BEGIN AVAILABLE DATA
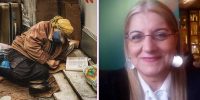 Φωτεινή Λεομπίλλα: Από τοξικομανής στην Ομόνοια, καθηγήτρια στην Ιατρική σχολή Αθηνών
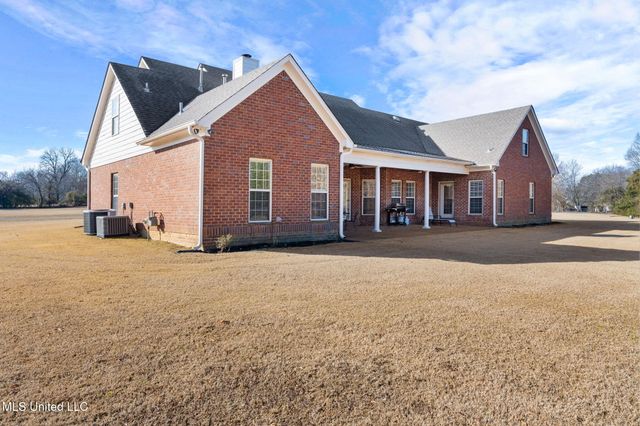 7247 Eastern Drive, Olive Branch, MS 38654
END AVAILABLE DATA
BEGIN AVAILABLE DATA
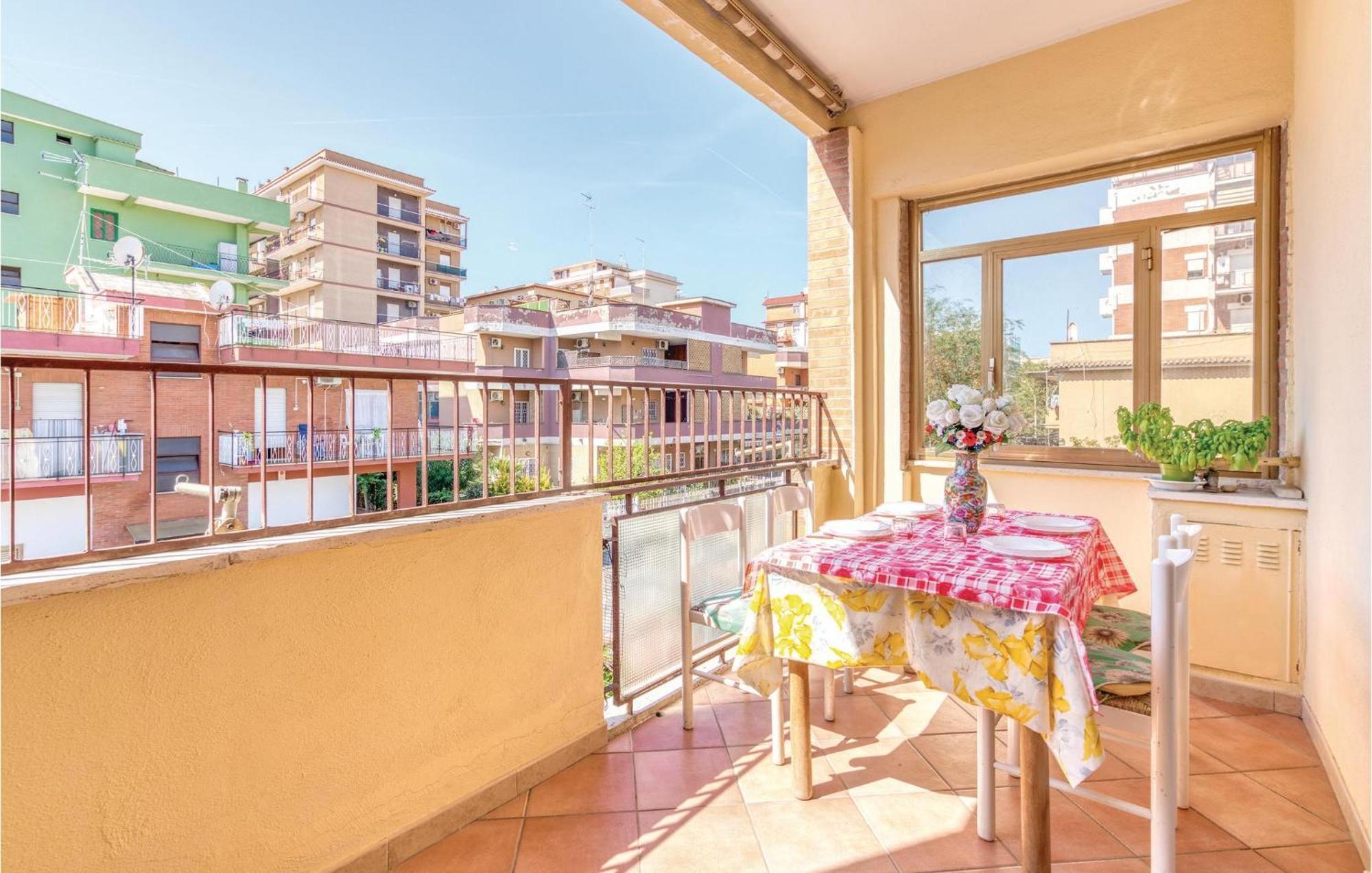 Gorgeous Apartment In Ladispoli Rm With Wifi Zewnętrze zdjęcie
END AVAILABLE DATA
BEGIN AVAILABLE DATA
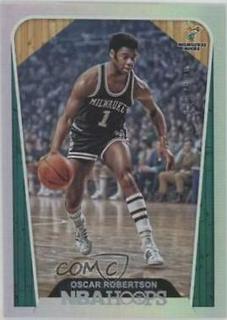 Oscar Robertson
END AVAILABLE DATA
# [PROMPT]
From the data above, retype only the lines starting with the line with "Φωτεινή Λεομπίλλα: Από" and going on through the line with "7247 Eastern Drive, Olive Branch, MS 38654", exactly, leaving out the pictures.

# [TASK SOLUTION]
 Φωτεινή Λεομπίλλα: Από τοξικομανής στην Ομόνοια, καθηγήτρια στην Ιατρική σχολή Αθηνών
 7247 Eastern Drive, Olive Branch, MS 38654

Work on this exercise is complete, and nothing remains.